In early January 2011, Mara Thompson confirmed her intent to contest the special election called to fill the seat of her late husband in the Saint John constituency. David Thompson had held since the Saint John seat from 1987 to 2010, succeeding the late Prime Minister Errol Barrow, who also died in office. The Saint John is considered to be a stronghold for Thompson's Democratic Labour Party (DLP). Thompson's candidacy won the official endorsement of the DLP at a meeting held on 2 January 2011. Thompson won 60 of the DLP's 69 votes, defeating several potential DLP candidates, who included Leroy McClean, Anthony Walrond, Vere Brathwaite, David Gittens and Peter David. Thompson made her first political speech as a candidate on 6 January 2011, in the village of Gall Hill, Christ Church parish.

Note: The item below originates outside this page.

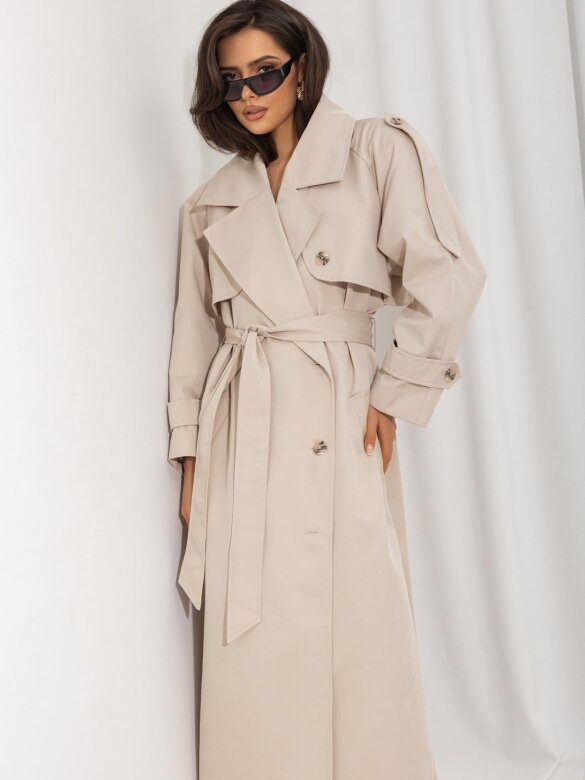 Trencz Kammy jasnobeżowy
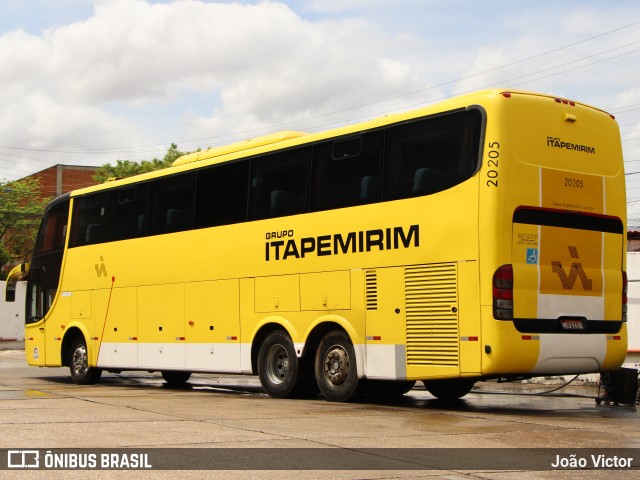 Viação Itapemirim 20205 na cidade de Teresina, Piauí, Brasil, por João Victor. Número da foto: #9382855.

Her main opponent in the election was businessman Hudson Griffith of the Barbados Labour Party (BLP). Owen Arthur, the former Prime Minister and leader of the opposition and Barbados Labour Party attempted to make Thompson's Saint Lucian origins an issue in the election. Arthur was criticized for the move by Barbadian Prime Minister Freundel Stuart, Saint Lucian Prime Minister Stephenson King and Vincentian Prime Minister Ralph Gonsalves.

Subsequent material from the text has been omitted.